Wednesday, August 27, 2008

  • Daily Journal

When Scott Laurent was named an immigration judge in 2007, his selection coincided with an ambitious federal plan to revamp the nation's troubled immigration courts.
The initiative called for additional funding to help the immigration bench deal with a crushing caseload that often included life-or-death asylum claims.
But nearly two years after then-Attorney General Alberto Gonzales introduced the reforms, much of the plan remains on paper.
Fewer judges are on the bench today than in August 2006, when Gonzales launched the 22-point initiative.
This year's annual training conference for judges was canceled because of budget problems.

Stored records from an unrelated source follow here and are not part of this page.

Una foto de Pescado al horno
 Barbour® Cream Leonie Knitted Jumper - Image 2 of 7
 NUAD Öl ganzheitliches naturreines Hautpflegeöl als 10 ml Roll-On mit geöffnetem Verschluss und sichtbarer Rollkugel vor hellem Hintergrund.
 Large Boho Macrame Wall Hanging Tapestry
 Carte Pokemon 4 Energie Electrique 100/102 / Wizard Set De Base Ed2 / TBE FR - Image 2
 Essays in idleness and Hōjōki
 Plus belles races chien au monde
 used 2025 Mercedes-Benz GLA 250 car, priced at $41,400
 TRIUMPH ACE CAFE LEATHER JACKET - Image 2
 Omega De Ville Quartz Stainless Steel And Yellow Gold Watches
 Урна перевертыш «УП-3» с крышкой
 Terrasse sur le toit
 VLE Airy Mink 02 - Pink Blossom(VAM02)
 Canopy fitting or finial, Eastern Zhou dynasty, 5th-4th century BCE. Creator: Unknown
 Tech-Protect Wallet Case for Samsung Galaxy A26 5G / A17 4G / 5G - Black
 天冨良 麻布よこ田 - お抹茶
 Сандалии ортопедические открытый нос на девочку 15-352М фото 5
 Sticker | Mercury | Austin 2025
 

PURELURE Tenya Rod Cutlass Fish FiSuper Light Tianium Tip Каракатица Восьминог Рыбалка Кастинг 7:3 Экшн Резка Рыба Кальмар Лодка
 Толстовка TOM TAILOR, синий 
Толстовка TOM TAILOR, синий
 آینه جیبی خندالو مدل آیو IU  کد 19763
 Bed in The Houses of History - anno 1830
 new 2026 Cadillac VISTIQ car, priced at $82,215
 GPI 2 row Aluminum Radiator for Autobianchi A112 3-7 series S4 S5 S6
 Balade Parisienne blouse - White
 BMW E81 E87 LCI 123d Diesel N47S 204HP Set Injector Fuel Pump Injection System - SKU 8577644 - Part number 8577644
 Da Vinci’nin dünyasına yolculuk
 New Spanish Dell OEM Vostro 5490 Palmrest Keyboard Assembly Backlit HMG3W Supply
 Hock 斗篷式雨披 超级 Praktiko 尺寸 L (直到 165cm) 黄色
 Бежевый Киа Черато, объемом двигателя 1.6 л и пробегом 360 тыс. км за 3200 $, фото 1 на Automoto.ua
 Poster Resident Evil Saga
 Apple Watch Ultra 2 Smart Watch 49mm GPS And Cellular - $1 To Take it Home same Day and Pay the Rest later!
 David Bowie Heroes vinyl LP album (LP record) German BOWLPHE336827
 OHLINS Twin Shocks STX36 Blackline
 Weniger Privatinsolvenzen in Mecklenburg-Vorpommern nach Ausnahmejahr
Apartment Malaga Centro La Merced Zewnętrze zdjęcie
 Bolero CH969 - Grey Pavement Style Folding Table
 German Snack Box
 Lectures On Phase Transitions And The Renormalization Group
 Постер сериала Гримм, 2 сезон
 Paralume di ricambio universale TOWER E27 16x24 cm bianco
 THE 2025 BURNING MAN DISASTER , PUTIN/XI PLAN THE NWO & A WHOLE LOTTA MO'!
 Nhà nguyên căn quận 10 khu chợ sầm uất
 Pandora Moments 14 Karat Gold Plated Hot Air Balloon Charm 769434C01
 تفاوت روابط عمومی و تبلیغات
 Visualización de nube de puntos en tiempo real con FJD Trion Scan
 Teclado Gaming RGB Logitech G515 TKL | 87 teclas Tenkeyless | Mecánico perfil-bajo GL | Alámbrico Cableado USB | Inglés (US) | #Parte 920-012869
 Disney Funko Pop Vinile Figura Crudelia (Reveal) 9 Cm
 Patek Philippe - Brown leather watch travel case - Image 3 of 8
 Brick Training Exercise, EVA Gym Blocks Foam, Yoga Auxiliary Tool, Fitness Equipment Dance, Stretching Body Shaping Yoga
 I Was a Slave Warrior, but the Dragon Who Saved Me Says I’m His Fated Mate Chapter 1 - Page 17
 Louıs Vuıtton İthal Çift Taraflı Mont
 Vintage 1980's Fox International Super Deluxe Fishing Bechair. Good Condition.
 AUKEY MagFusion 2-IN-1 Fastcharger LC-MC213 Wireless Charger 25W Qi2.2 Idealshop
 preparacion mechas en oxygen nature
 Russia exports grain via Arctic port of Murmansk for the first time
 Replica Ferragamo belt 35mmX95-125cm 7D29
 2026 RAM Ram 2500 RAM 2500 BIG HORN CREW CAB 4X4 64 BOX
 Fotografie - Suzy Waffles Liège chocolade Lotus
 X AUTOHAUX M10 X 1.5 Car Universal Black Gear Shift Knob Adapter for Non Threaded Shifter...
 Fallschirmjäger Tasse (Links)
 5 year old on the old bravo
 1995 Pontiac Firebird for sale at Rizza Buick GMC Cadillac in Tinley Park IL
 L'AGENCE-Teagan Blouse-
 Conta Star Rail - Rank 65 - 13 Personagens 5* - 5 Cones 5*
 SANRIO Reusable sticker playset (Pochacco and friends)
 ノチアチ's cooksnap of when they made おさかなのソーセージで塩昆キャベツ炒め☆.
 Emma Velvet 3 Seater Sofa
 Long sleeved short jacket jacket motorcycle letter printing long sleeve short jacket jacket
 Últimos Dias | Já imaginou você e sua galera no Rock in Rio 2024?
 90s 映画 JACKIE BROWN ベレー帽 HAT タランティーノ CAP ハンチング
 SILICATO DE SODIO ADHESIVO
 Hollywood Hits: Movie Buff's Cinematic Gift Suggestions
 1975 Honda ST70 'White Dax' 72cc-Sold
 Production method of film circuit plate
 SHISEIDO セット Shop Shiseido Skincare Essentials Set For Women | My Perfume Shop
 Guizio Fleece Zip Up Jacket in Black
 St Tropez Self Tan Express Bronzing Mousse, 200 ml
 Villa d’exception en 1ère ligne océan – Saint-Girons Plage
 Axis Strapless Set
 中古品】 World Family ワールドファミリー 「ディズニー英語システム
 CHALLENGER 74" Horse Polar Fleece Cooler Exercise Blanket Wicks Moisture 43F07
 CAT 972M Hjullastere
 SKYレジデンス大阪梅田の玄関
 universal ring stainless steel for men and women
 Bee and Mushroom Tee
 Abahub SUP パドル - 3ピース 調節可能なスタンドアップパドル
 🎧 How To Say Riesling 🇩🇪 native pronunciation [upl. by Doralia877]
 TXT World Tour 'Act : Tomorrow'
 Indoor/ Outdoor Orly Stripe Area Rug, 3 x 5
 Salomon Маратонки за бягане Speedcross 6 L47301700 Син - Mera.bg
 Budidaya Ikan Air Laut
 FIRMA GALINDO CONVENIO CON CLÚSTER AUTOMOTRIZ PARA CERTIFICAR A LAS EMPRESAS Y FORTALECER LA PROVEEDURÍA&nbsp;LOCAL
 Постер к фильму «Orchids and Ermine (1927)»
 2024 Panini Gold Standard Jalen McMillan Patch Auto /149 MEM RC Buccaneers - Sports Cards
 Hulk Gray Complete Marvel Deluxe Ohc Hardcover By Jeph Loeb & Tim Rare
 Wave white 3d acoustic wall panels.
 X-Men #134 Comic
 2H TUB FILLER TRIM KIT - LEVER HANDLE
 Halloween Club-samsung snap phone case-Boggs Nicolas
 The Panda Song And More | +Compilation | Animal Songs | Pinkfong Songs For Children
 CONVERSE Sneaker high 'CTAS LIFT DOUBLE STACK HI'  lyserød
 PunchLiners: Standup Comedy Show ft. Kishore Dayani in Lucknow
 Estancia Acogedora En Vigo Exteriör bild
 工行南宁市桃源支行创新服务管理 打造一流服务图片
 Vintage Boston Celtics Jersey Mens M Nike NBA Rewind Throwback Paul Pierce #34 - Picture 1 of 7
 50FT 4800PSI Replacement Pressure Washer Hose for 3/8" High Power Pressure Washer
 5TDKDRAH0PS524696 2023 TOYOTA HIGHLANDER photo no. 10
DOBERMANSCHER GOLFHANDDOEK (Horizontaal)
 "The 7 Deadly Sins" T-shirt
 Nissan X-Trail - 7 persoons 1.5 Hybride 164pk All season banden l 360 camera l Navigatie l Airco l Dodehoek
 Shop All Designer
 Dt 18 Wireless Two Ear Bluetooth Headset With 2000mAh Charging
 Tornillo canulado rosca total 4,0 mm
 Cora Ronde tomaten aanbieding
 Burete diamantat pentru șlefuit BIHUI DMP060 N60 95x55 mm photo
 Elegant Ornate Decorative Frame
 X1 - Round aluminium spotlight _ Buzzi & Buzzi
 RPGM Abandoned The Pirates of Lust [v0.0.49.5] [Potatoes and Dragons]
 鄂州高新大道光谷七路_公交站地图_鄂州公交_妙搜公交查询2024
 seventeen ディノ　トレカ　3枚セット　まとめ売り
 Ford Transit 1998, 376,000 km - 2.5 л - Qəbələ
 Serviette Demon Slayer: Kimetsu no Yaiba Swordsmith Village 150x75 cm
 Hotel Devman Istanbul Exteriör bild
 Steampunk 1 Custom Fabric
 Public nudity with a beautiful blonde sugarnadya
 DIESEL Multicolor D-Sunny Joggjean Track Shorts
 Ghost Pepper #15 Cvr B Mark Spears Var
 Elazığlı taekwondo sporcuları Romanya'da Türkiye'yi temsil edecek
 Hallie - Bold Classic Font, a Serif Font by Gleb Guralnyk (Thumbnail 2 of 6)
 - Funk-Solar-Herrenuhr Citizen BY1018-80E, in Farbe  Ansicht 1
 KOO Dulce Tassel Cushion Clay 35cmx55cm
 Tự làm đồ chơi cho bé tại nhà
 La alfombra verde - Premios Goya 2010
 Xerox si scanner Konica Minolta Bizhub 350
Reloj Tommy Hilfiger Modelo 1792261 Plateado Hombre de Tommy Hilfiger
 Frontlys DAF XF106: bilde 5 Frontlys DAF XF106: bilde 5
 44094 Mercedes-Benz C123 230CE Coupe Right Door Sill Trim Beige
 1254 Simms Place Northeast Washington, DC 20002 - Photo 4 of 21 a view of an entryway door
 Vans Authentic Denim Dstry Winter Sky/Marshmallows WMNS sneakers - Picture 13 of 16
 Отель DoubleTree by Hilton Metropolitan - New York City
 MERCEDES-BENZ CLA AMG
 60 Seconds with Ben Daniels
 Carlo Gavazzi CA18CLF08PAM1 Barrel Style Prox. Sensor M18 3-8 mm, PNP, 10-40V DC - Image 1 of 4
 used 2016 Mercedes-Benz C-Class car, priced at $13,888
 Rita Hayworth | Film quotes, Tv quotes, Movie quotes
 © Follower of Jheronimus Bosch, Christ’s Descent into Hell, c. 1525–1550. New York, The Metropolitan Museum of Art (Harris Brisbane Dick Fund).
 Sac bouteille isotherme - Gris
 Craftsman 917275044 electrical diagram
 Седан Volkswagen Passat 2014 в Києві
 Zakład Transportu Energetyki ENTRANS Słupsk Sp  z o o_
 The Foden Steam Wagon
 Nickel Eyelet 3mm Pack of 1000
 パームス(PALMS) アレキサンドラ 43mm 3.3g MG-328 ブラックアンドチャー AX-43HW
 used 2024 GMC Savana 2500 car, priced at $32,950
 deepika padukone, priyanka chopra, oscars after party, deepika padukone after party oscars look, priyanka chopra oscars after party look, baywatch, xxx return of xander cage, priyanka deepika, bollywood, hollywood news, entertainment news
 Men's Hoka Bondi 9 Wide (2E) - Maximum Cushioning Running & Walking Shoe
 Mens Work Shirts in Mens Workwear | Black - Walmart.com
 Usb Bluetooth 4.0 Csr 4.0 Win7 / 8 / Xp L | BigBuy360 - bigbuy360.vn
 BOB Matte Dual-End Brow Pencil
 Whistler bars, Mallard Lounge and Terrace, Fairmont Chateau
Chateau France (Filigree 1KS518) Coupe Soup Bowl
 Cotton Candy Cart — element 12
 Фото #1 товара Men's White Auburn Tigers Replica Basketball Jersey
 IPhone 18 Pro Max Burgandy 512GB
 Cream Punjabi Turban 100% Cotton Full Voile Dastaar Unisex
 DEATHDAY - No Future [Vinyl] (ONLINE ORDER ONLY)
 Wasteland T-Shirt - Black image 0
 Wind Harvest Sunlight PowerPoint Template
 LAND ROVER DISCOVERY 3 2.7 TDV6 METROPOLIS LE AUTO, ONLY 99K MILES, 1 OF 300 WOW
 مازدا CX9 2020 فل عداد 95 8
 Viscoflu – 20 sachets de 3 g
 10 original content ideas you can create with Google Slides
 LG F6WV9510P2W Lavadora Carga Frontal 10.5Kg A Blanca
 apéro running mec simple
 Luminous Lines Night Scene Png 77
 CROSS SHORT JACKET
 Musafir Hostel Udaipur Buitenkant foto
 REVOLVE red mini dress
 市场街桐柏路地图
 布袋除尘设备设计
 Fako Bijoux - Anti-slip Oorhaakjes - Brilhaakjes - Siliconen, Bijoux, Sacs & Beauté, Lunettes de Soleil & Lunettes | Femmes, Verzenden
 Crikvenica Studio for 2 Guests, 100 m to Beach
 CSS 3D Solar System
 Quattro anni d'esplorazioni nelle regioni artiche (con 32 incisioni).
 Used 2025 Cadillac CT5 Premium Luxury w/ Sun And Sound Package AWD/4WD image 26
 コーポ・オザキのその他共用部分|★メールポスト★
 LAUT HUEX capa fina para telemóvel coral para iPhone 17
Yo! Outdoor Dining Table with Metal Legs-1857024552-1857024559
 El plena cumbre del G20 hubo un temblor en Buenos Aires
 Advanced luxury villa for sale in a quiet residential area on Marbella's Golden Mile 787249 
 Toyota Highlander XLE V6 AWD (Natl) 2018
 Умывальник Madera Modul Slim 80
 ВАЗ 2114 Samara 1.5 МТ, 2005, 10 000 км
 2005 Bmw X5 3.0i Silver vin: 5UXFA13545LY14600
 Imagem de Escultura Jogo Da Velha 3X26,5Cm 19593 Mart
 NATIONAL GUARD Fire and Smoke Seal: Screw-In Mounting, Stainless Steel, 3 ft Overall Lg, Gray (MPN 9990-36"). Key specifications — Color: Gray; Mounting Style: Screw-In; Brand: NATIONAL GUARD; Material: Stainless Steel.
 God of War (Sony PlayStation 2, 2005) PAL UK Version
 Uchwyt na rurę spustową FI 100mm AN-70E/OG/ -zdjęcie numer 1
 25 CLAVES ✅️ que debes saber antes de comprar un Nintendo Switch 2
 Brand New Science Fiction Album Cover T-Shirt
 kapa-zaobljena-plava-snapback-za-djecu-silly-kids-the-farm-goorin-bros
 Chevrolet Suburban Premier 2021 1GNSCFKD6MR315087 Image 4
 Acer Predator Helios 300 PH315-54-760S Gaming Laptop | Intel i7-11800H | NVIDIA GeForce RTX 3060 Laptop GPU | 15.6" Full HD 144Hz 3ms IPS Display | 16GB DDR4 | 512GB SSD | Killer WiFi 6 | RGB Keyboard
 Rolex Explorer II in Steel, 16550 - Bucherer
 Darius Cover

And prospective new judges, such as Laurent, who is assigned to a Lancaster immigration court, have yet to hear a single case. Their appointments are stalled by budget woes and the scandal over the politicized hiring of immigration judges.
"If the department doesn't pay closer attention to immigration courts, the courts are in danger of collapsing under the weight of the caseload," said a Department of Justice official, not speaking on behalf of the department.
Now, some people are asking why Gonzales' 2006 plan to increase court funding led to fewer resources, while agencies charged with prosecuting immigrants received big budget increases, creating serious due process concerns.
The lopsided funding has created serious problems, say critics, who fear judges face new backlogs while prosecutors ramp up criminal charges.
"The core issue here is due process," said Crystal Williams, of the American Immigration Lawyers Association, a Washington D.C.-based trade group that represents some 10,000 attorneys.
"We've seen a tremendous uptick in enforcement spending and no uptick in court spending," said Rep. Zoe Lofgren, a San Jose Democrat who chairs the House immigration subcommittee.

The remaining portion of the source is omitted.